#### EXTRACTED DATA:

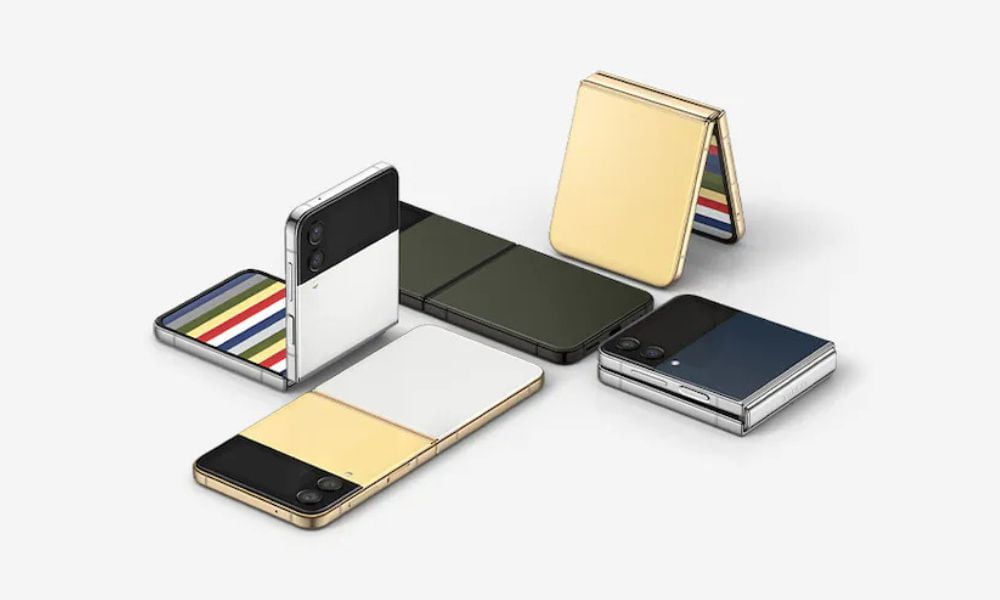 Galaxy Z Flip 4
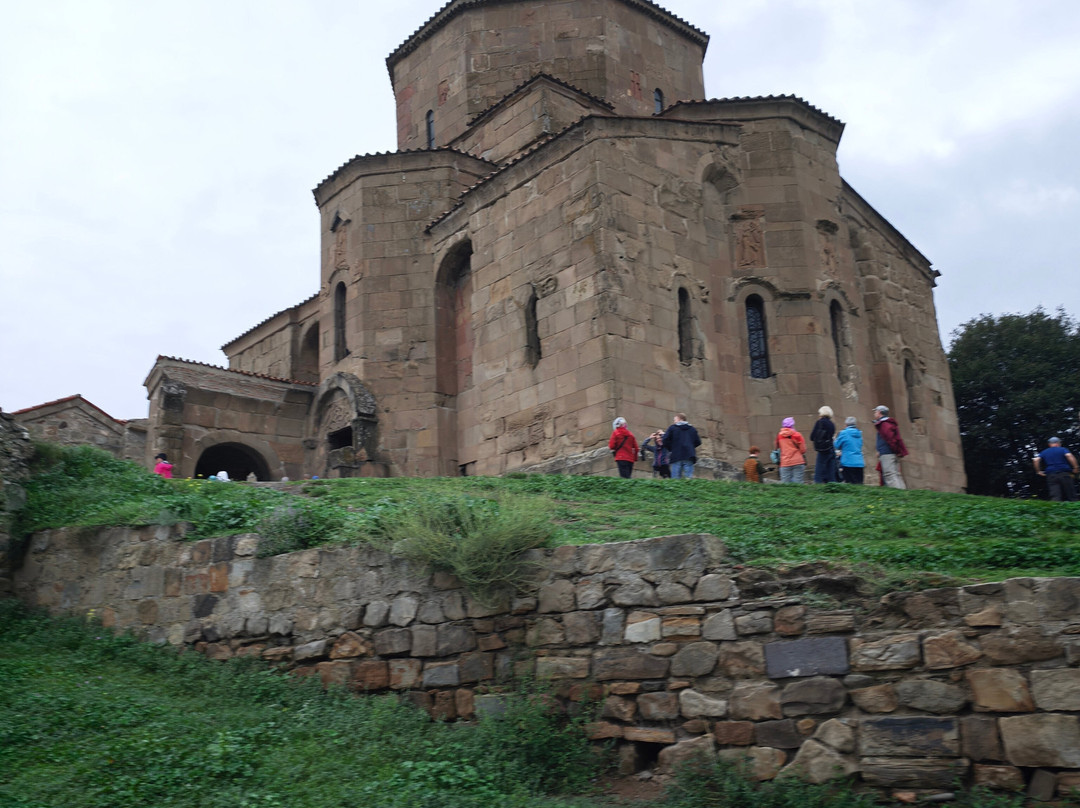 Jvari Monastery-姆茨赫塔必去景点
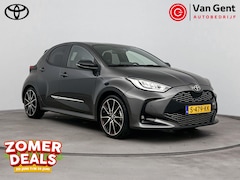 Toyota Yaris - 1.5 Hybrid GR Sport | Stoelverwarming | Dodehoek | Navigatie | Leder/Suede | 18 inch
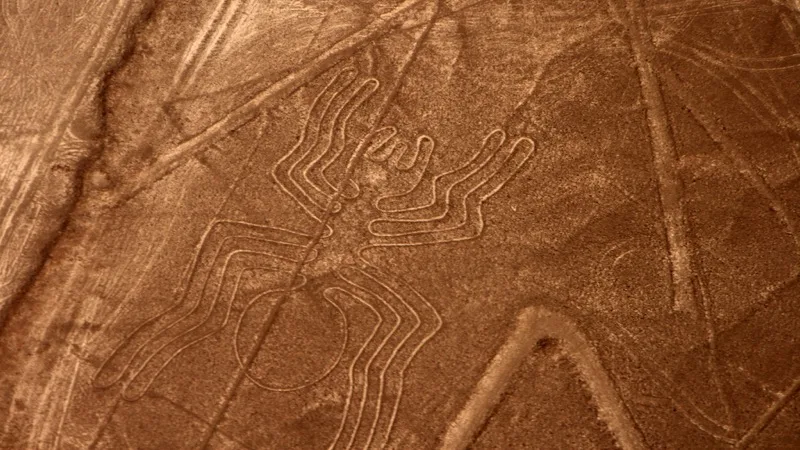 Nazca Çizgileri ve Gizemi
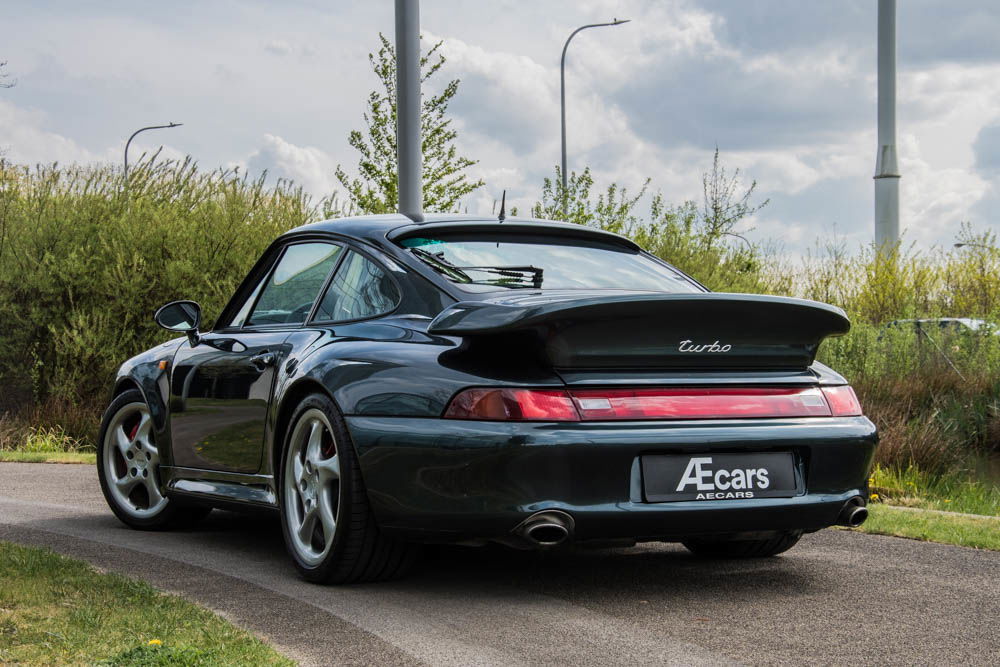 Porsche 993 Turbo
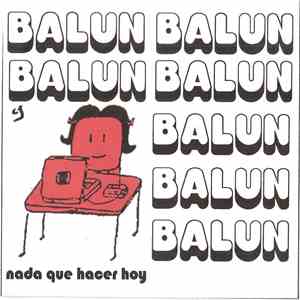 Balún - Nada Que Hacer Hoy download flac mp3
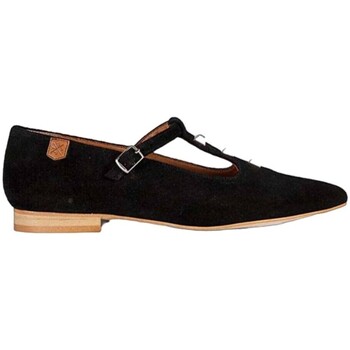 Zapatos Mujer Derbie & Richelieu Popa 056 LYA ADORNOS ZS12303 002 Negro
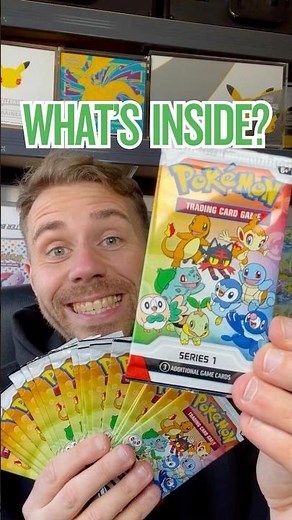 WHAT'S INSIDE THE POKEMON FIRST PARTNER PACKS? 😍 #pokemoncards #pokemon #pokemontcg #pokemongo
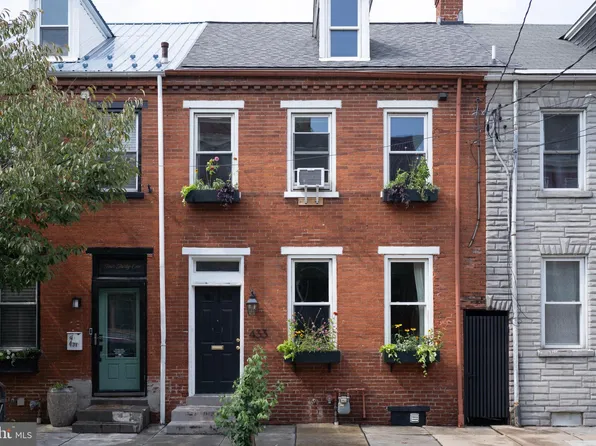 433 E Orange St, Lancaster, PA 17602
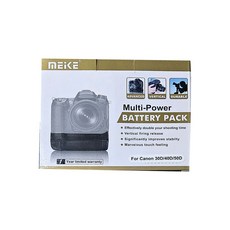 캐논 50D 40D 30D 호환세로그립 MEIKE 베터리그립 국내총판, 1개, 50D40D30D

#### WORK ORDER:
What is needed is every entry written out word for word, with no pictures.

#### WRITTEN SOLUTION:
 Galaxy Z Flip 4
 Jvari Monastery-姆茨赫塔必去景点
 Toyota Yaris - 1.5 Hybrid GR Sport | Stoelverwarming | Dodehoek | Navigatie | Leder/Suede | 18 inch
 Nazca Çizgileri ve Gizemi
 Porsche 993 Turbo
 Balún - Nada Que Hacer Hoy download flac mp3
 Zapatos Mujer Derbie & Richelieu Popa 056 LYA ADORNOS ZS12303 002 Negro
 WHAT'S INSIDE THE POKEMON FIRST PARTNER PACKS? 😍 #pokemoncards #pokemon #pokemontcg #pokemongo
 433 E Orange St, Lancaster, PA 17602
 캐논 50D 40D 30D 호환세로그립 MEIKE 베터리그립 국내총판, 1개, 50D40D30D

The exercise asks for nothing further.